## DATASET SECTION
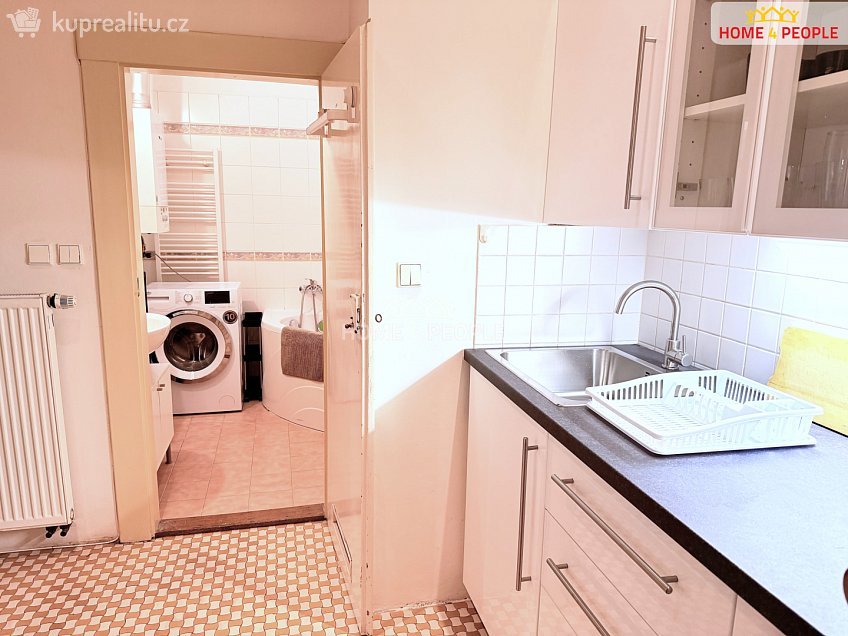 Pronájem bytu 2+1 48 m^2 Biskupcova, Praha 3 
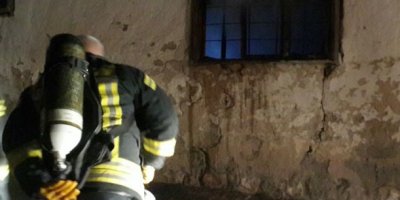 Tek katlı evde çıkan yangın korkuttu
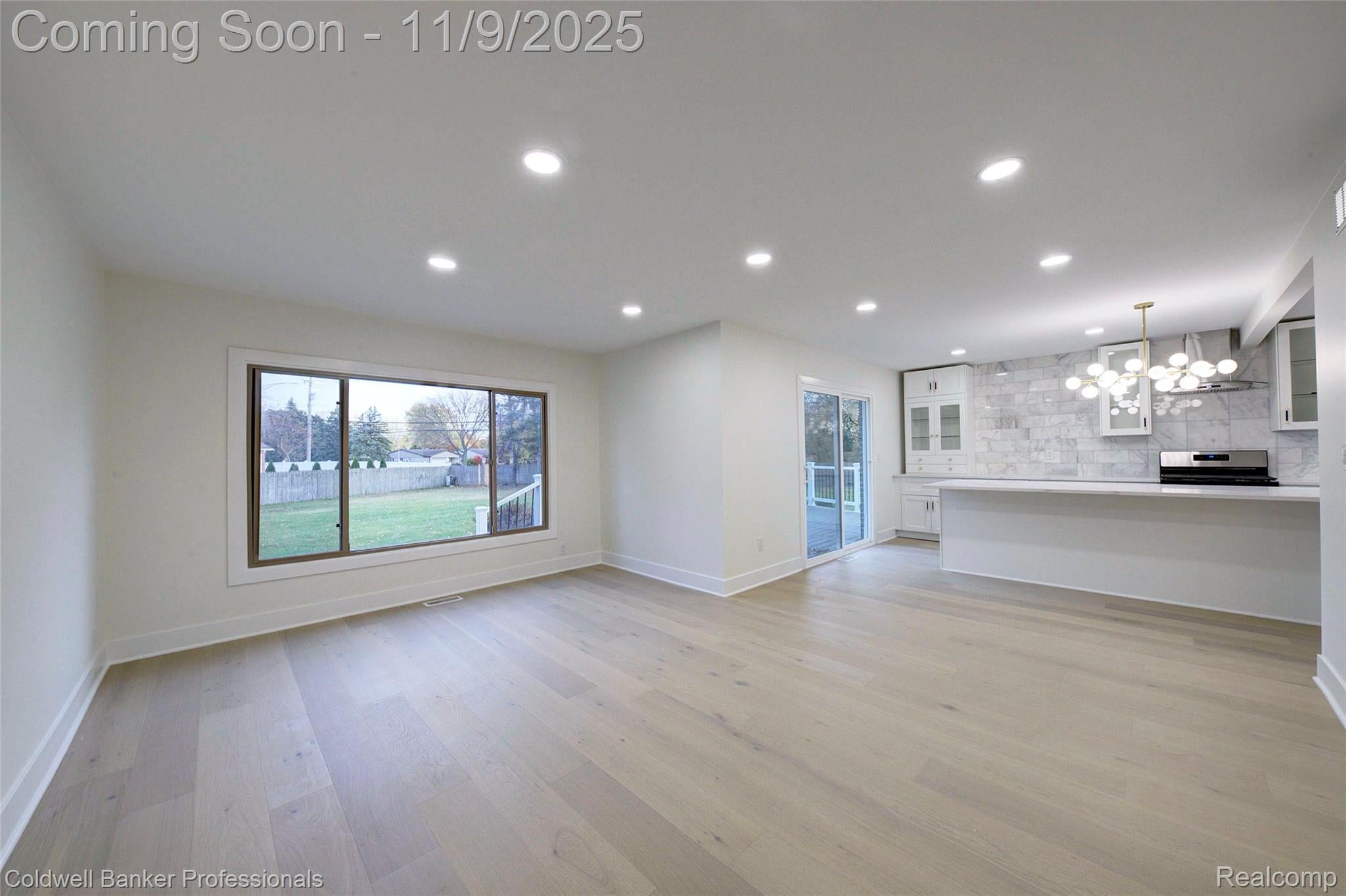 Troy, Michigan, 48085, United States, 4 Bedrooms Bedrooms, ,2 BathroomsBathrooms,Residential,For Sale,1989080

## TASK DETAILS
For the material above, give every line again exactly and leave out the pictures.

## RESULT BELOW
 Pronájem bytu 2+1 48 m^2 Biskupcova, Praha 3 
 Tek katlı evde çıkan yangın korkuttu
 Troy, Michigan, 48085, United States, 4 Bedrooms Bedrooms, ,2 BathroomsBathrooms,Residential,For Sale,1989080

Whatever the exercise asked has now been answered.